_Task to complete_
Leave the pictures out and give every entry again exactly.

Collection entries:

----

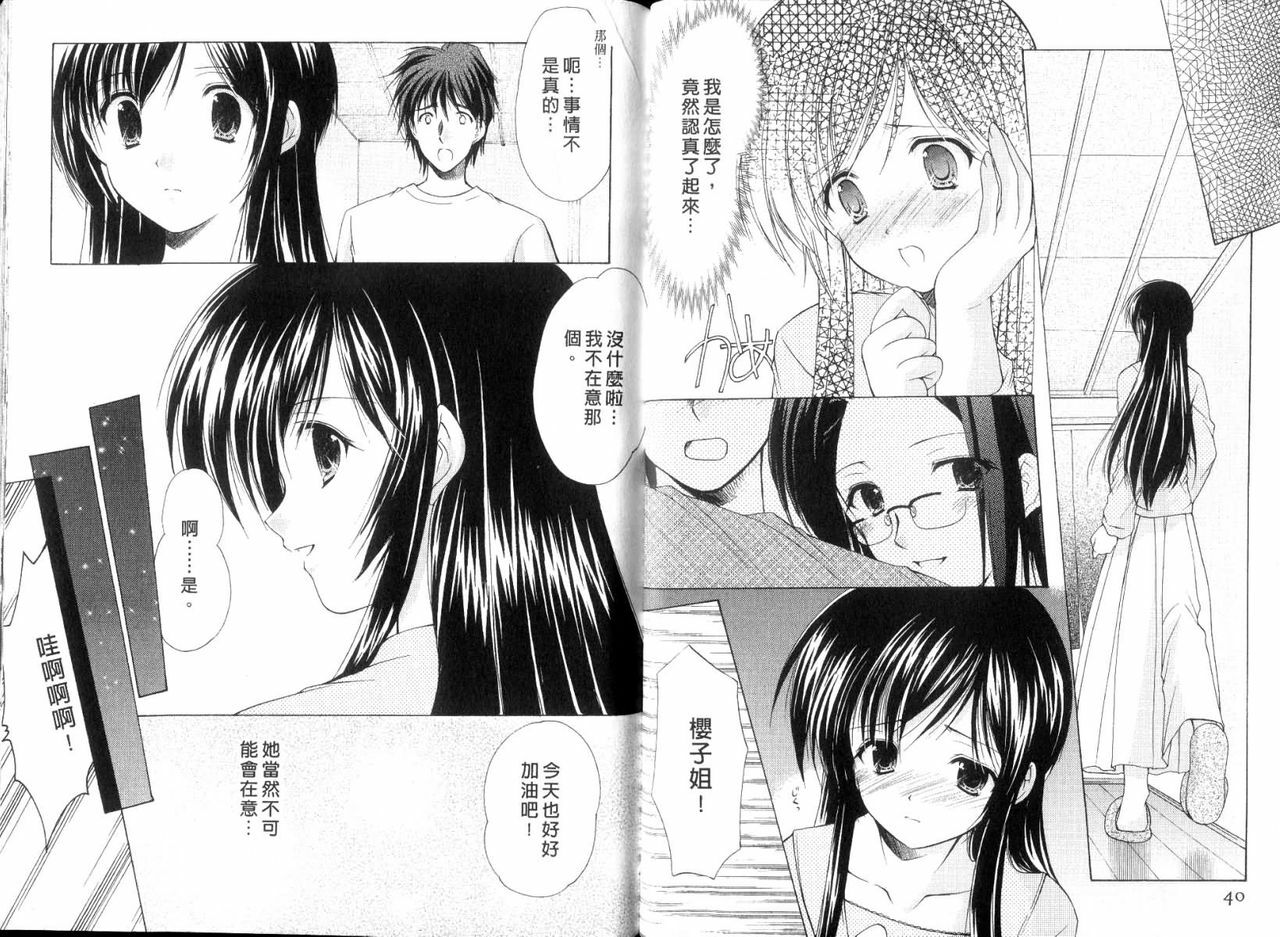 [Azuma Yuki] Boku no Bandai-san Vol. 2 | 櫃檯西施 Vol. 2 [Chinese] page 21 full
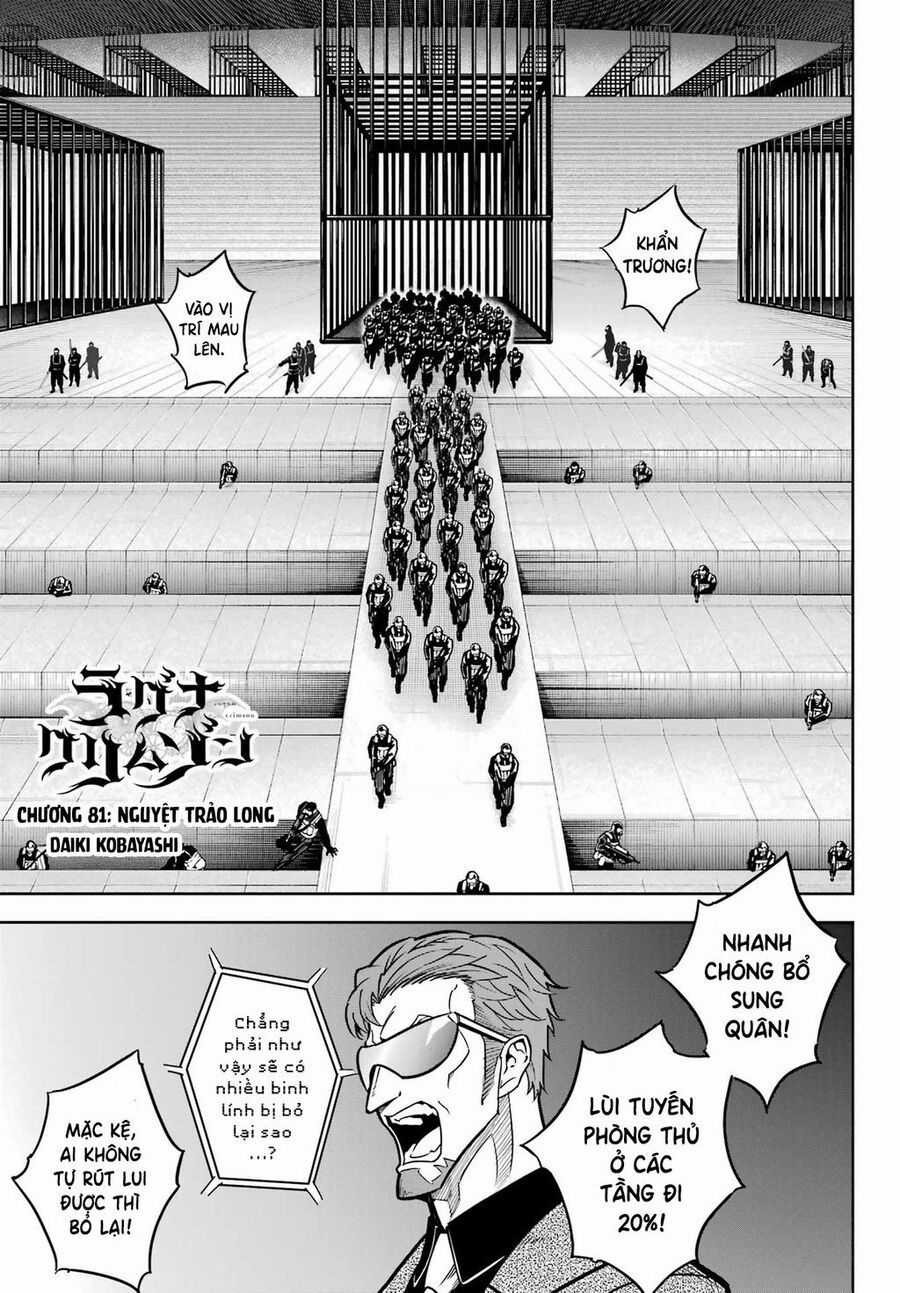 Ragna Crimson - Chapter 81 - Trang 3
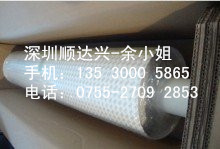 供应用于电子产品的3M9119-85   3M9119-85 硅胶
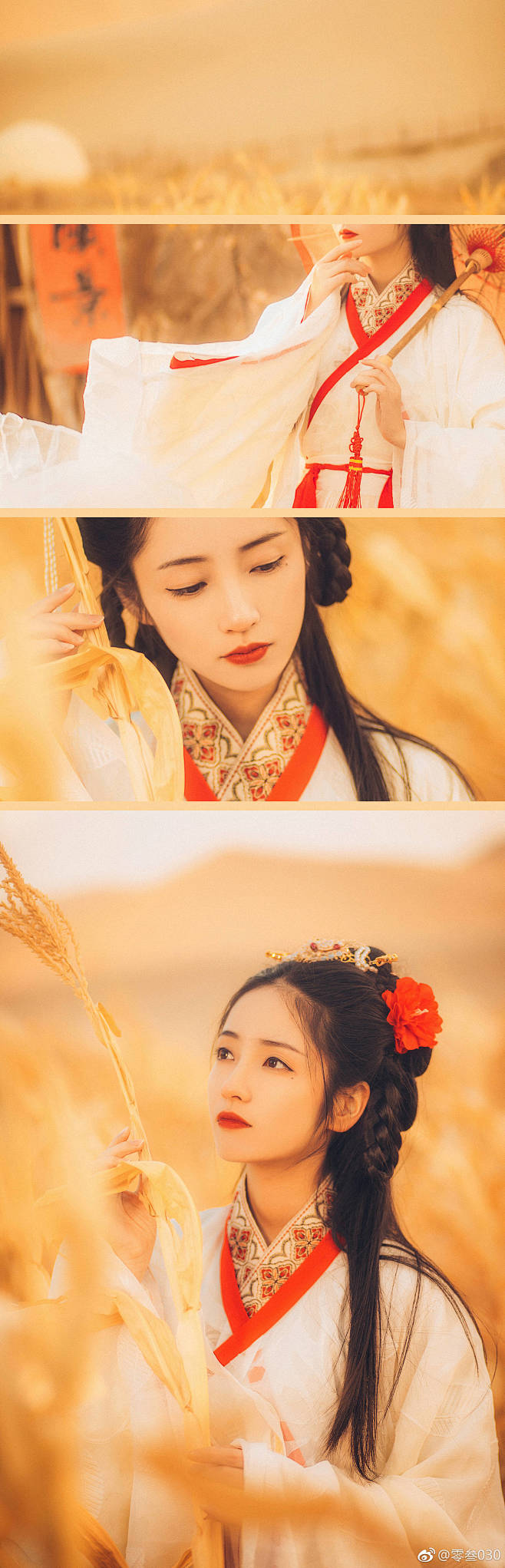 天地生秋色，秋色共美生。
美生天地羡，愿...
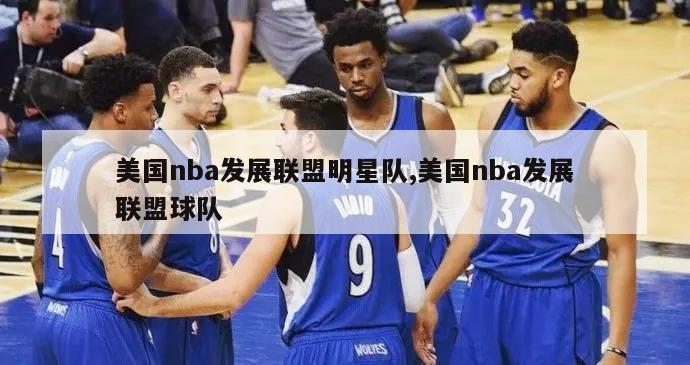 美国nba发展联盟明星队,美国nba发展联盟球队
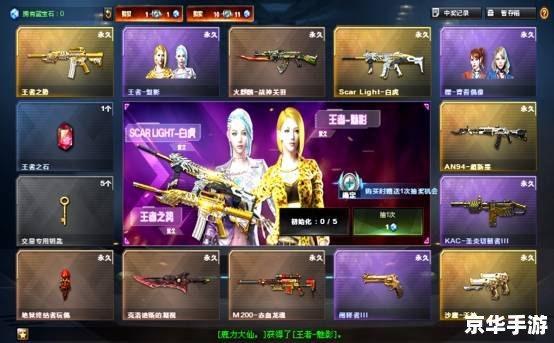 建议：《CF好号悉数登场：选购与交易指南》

----

_Result of this task_
 [Azuma Yuki] Boku no Bandai-san Vol. 2 | 櫃檯西施 Vol. 2 [Chinese] page 21 full
 Ragna Crimson - Chapter 81 - Trang 3
 供应用于电子产品的3M9119-85   3M9119-85 硅胶
 天地生秋色，秋色共美生。
美生天地羡，愿...
 美国nba发展联盟明星队,美国nba发展联盟球队
 建议：《CF好号悉数登场：选购与交易指南》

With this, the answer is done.